Nehmen wir mal einen Typen, wie man ihn vor allem in Clubs trifft, in denen man VIP-Bereiche cool findet und wo Frauen dienstags nur die Hälfte Eintritt zahlen, oder an Orten wie dem Käfer-Zelt auf der Wiesn - überall da also, wo die Kombination „geldiger Mann plus jüngere, aufgebrezelte Tussi“ eine ganz normale ist. Dieser Typ würde deiner Freundin wahrscheinlich einen Drink oder gleich ‘ne ganze Pulle ausgeben. Und wenn das nichts bringt, fände er das wahrscheinlich nicht weiter schlimm. Denn er weiß: Irgendwann wird es wieder klappen. Vielleicht nicht bei deiner Freundin, vielleicht auch nicht bei der nächsten, bei der er es versucht, aber irgendwann dann doch. Für ihn ist dieses Verhalten eben die von dir beschriebene Investition: Man setzt was ein und entweder gewinnt man oder halt nicht. Das Prinzip kennt er vorher, damit kann er relativ cool kalkulieren. Ausgenutzt fühlt sich der eher nicht. Wenn deine Freundin ihn ausquetschen würde, hätte niemand etwas verloren. Aber es hätte auch keiner was gewonnen. Denn er wird sein Verhalten und sein Frauenbild wahrscheinlich auch nicht ändern, solange er hin und wieder damit Erfolg hat. So gesehen bräuchte es vielleicht viel mehr Frauen wie deine Freundin: Wenn auf blöde „Na Baby, darf ich dir einen Drink ausgeben“-Anmachen alle mit einem „Ja klar“ antworten und den Typen dann eiskalt stehen lassen, würde dieser Anmachspruch vielleicht irgendwann aussterben.

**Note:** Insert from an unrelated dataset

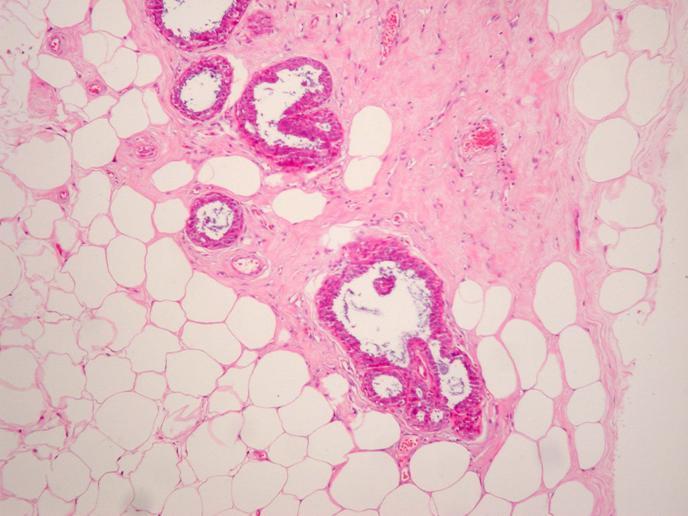 Columnar Cell Lesions (CCLs) CCLs are characterized by the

Natürlich sind aber bei Weitem nicht alle Jungs und Männer so kalkuliert. Viele würden Frauen wie deiner Freundin wahrscheinlich in die Falle tappen und enttäuscht sein, weil sie gar nicht so streng in solchen Geben-und-Nehmen-Kategorien denken, sondern die Situation anders interpretieren. Die Frage, ob man beim Umzug hilft, setzt ja zum Beispiel eine gewisse Nähe voraus. Niemand bittet entfernte Bekannte, an einem Samstag stundenlang Bücherkisten in den dritten Stock zu schleppen. In den Kreis der Umzugshelfer aufgenommen zu werden, kann man also als ein Signal werten, dass die Umziehende findet, man stehe sich nahe. Was einem dann schmeichelt und einen dazu bringt, einzuwilligen. Wenn man danach nie wieder was von der Frau hört, wird man sich verarscht vorkommen und sich ausgenutzt fühlen. Und ich glaube, auch ein bisschen zurecht. Denn zumindest in diesem Umzugsbeispiel nehme ich deiner Freundin nicht ab, dass da gar keine Zuneigungsgaukelei stattgefunden hat. Und sehr wahrscheinlich ging die Initiative - und damit das Ausnutzen - von ihr aus.

Vielleicht kann man nach diesen beiden Beispielen jetzt zusammenfassend sagen: Grundsätzlich ist beides nicht gut: Weder, wenn Typen glauben, sie könnten Frauen kaufen, noch, wenn ihr uns vorgaukelt, dass was gehen würde, um damit irgendwas aus uns rauszupressen. Wenn ihr aber das dämliche Verhalten eines dieser Baby-noch-ein-Drink-Typen ausnutzt, habt ihr unseren Segen. Ist wie bei Robin Hood: Ihr tut etwas eigentlich Unmoralisches, das aber dadurch gerecht wird, dass der Geschädigte selbst unmoralisch handelte.